Add a way to translate from/to ZES/ZE device handle when using zesInit()
Followup to https://github.com/intel/compute-runtime/issues/686#issuecomment-1805025932
We need a way to translate from/to ZE/ZES device handles when using zesInit(). This is needed to be able to query some device info from ZES and combine it with ZE info. It was reported under work but I still cannot find it and couldn't get a reply on the specification/implementation status.

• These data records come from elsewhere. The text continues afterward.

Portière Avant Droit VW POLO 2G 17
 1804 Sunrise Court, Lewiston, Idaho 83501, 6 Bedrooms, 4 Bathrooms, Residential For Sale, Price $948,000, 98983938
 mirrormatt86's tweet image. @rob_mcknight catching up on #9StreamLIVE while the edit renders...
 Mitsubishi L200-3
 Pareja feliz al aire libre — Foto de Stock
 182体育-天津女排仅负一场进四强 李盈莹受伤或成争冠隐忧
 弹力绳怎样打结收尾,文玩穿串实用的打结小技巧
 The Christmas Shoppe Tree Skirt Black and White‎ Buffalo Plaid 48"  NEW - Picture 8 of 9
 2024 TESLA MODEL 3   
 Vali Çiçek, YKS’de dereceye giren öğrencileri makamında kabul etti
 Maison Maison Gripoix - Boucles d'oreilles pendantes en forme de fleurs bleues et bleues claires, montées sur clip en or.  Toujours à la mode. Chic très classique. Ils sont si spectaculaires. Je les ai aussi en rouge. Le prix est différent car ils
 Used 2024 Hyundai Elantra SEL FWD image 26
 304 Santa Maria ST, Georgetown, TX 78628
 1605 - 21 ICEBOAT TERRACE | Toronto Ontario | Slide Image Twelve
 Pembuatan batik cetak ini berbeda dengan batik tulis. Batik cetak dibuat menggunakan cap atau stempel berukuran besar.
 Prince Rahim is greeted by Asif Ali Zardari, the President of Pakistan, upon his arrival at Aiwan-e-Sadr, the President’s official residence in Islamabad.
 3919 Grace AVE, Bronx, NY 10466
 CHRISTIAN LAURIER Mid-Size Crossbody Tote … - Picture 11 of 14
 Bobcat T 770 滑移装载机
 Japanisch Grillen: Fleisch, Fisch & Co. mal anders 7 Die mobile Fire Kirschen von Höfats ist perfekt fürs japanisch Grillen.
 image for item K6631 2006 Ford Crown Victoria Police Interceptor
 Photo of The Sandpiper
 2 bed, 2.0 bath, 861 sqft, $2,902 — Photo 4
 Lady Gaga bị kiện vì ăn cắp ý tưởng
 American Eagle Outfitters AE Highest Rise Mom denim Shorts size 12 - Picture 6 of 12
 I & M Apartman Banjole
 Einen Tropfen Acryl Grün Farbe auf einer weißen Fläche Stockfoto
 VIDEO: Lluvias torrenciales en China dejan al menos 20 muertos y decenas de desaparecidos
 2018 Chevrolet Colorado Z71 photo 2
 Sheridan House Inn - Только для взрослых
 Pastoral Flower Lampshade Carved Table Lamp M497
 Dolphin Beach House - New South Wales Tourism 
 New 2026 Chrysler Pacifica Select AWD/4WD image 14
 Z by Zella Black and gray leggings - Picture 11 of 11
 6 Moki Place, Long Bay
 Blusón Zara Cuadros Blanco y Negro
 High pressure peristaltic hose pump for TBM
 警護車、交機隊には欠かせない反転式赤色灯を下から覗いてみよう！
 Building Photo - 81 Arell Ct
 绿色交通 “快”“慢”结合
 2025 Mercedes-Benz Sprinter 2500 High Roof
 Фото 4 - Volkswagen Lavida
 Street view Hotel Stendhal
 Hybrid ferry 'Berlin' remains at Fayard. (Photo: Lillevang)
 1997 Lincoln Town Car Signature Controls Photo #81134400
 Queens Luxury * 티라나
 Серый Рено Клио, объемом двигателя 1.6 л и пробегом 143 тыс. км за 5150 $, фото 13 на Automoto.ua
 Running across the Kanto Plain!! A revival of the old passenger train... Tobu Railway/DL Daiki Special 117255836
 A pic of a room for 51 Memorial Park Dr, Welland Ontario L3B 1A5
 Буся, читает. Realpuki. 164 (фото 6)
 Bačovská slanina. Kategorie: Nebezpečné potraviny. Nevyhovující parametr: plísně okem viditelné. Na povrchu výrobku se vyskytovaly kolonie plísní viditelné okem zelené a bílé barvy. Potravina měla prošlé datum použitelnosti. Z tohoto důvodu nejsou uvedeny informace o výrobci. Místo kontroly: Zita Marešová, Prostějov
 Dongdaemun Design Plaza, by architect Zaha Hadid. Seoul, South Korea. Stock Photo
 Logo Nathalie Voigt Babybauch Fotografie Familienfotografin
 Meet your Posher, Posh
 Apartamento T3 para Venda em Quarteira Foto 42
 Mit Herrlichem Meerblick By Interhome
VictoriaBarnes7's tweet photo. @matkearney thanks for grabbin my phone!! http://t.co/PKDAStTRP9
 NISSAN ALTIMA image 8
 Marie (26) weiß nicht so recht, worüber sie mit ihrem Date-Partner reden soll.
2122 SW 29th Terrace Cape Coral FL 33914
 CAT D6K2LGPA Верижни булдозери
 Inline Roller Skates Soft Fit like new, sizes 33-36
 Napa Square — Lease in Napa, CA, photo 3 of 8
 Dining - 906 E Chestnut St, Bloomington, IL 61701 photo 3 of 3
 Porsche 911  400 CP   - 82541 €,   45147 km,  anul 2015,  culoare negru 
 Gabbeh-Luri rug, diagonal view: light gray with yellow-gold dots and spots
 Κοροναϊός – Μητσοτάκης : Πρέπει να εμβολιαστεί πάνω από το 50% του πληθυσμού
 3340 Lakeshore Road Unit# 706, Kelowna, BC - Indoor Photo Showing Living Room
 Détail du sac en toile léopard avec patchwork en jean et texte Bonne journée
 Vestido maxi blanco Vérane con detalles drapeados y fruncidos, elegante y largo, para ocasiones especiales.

hi @bgoglin we have added APIs to map based on UUID of device in spec 1.9 https://spec.oneapi.io/level-zero/latest/sysman/api.html#sysmandevicemapping and implementation is under work in progress and will expect to avaliable by June 2024 end
hi @bgoglin we have added APIs to map based on UUID of device in spec 1.9 https://spec.oneapi.io/level-zero/latest/sysman/api.html#sysmandevicemapping and implementation is under work in progress and will expect to avaliable by June 2024 end
Hello. Can you update me regarding the implementation status? If done, which releases started having it?
hi @bgoglin based on UUID , we could map from core device handle to sysman device handle but its not directly casting from core device to sysman device, we are not planning to support casting from core to sysman and vice versa which is not possible. Please read Sysman Initialization https://github.com/intel/compute-runtime/blob/master/programmers-guide/SYSMAN.md
@bgoglin also please go through https://oneapi-src.github.io/level-zero-spec/level-zero/latest/sysman/api.html#sysmandevicemapping-functions APIs for mapping from core device handle -> sysman device handle
please find below some steps about mapping core device handle to sysman device handle and vice versa when using zesInit().
Mapping core handle to sysman handle:
- Get UUID of core handle from "zeDeviceGetProperties(ze_device_handle_t hDevice, ze_device_properties_t *pDeviceProperties)". (note down ze_device_properties_t.uuid)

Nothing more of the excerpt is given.